Histogram and density plots in R Programming - Time & Space Complexity
When creating histogram and density plots in R, it is important to understand how the time to draw these plots changes as the amount of data grows.
We want to know how the number of data points affects the time it takes to build these visual summaries.
Analyze the time complexity of the following code snippet.
data <- rnorm(n) # generate n random numbers
hist(data, breaks=30) # create histogram with 30 bins
density_data <- density(data) # calculate density estimate
plot(density_data) # plot the density curve
This code generates n random numbers, creates a histogram with fixed bins, then calculates and plots a density curve.
Identify the loops, recursion, array traversals that repeat.
- Primary operation: Traversing all n data points to count which bin they belong to for the histogram and to compute the density estimate.
- How many times: Each data point is processed once when building the histogram bins and once when estimating density.
As the number of data points n increases, the time to assign points to bins and calculate density grows roughly in direct proportion.
| Input Size (n) | Approx. Operations |
|---|---|
| 10 | About 10 operations to process points |
| 100 | About 100 operations |
| 1000 | About 1000 operations |
Pattern observation: Doubling the data roughly doubles the work needed to build the histogram and density plot.
Time Complexity: O(n)
This means the time to create histogram and density plots grows linearly with the number of data points.
[X] Wrong: "Adding more bins will make the plot take much longer because it loops over bins too many times."

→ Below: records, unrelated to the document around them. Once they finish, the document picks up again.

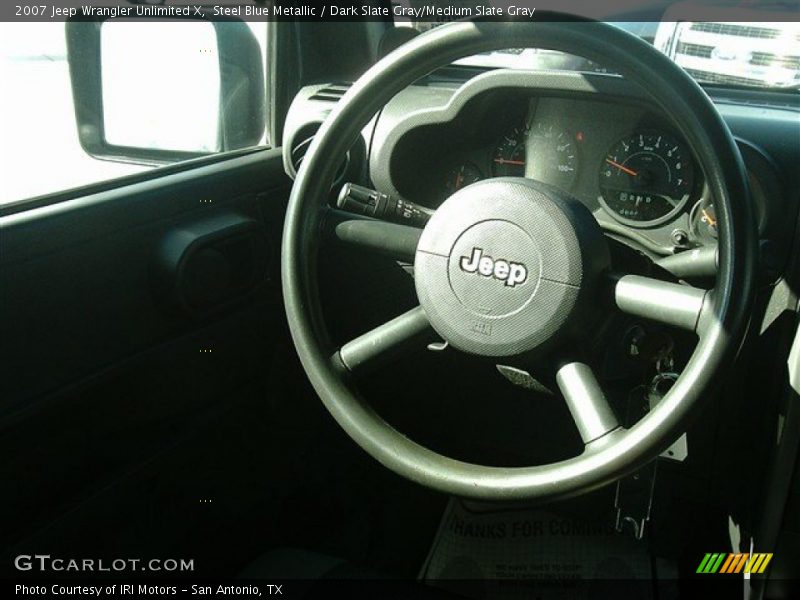 Steel Blue Metallic / Dark Slate Gray/Medium Slate Gray 2007 Jeep Wrangler Unlimited X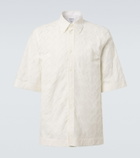 Bottega Veneta Intrecciato cotton poplin shirt
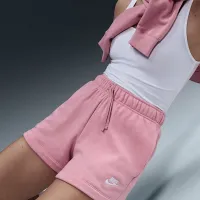 Nike Sportswear Club Fleece женская Mid-Rise шорты Pink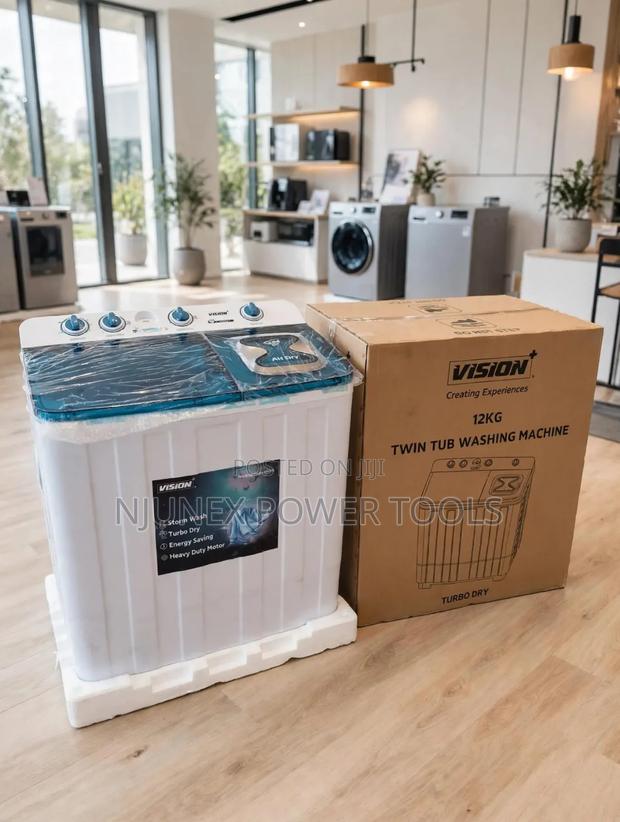 Vision 12kg Twin-Tub Semi-Automatic Washing Machine - main view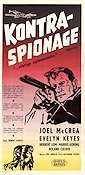 Kontraspionage 1953 poster Joel McCrea Robert Perrish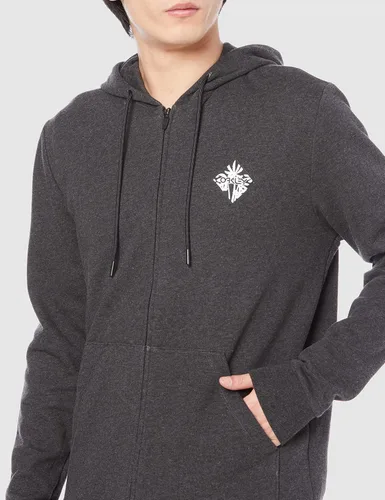 Vista 3 de Oakley Sudadera Palms B1b con cremallera completa para hombre, Gris oscuro Heather
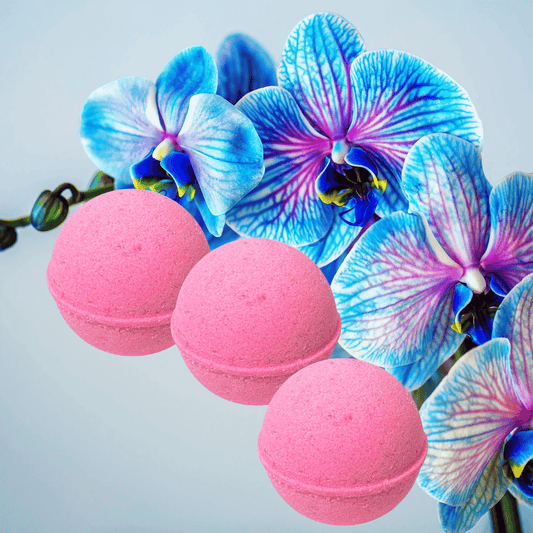 Seaside Orchid Oatmeal Skin Nourishing Bath Bombs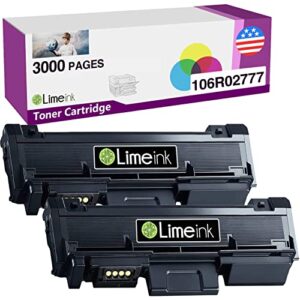limeink 2 black compatible high yield laser toner cartridge replacement for xerox phaser 3052 3260 phaser 3260di 3260dni workcentre 3215 workcenter 3215ni 3225 3225dni work centre center printer ink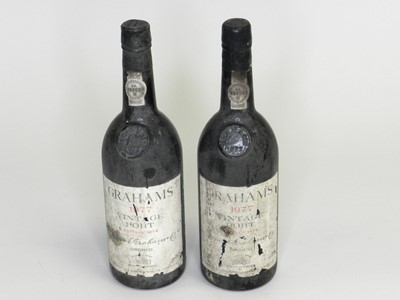 Lot 258 - Two bottles of Grahams vintage port, 1977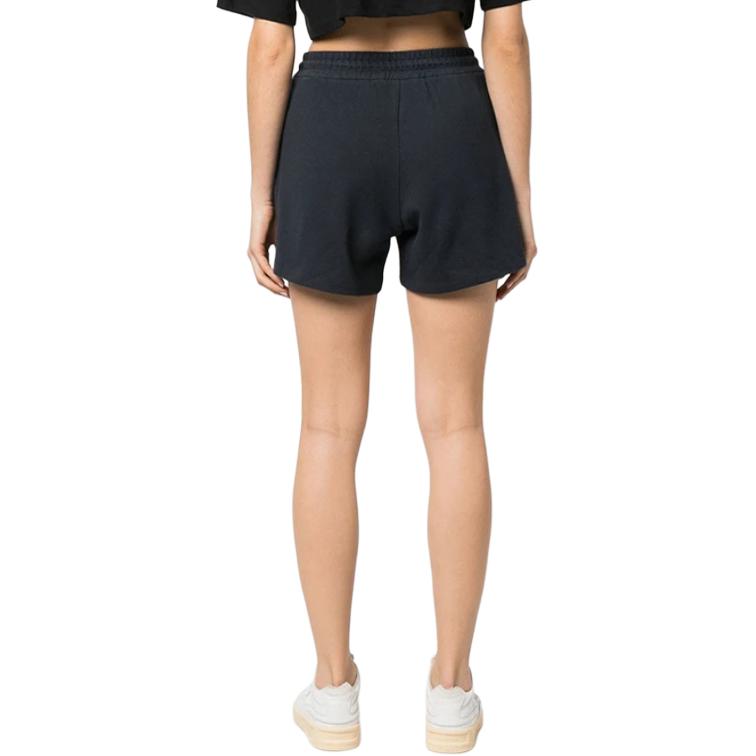 Shop (W) モンクレール SS23 ソリッド エラスティック ストレートショーツ ネイビーブルー 8H00020-89A0X-778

[OK] Correct: The main work is assigning each data point to a bin, which happens once per point. The number of bins affects only a small part of the calculation, so it does not change the overall time much.
Understanding how data size affects plotting time helps you write efficient code and explain performance clearly, a useful skill in many programming tasks.
"What if we changed the number of bins dynamically based on n? How would the time complexity change?"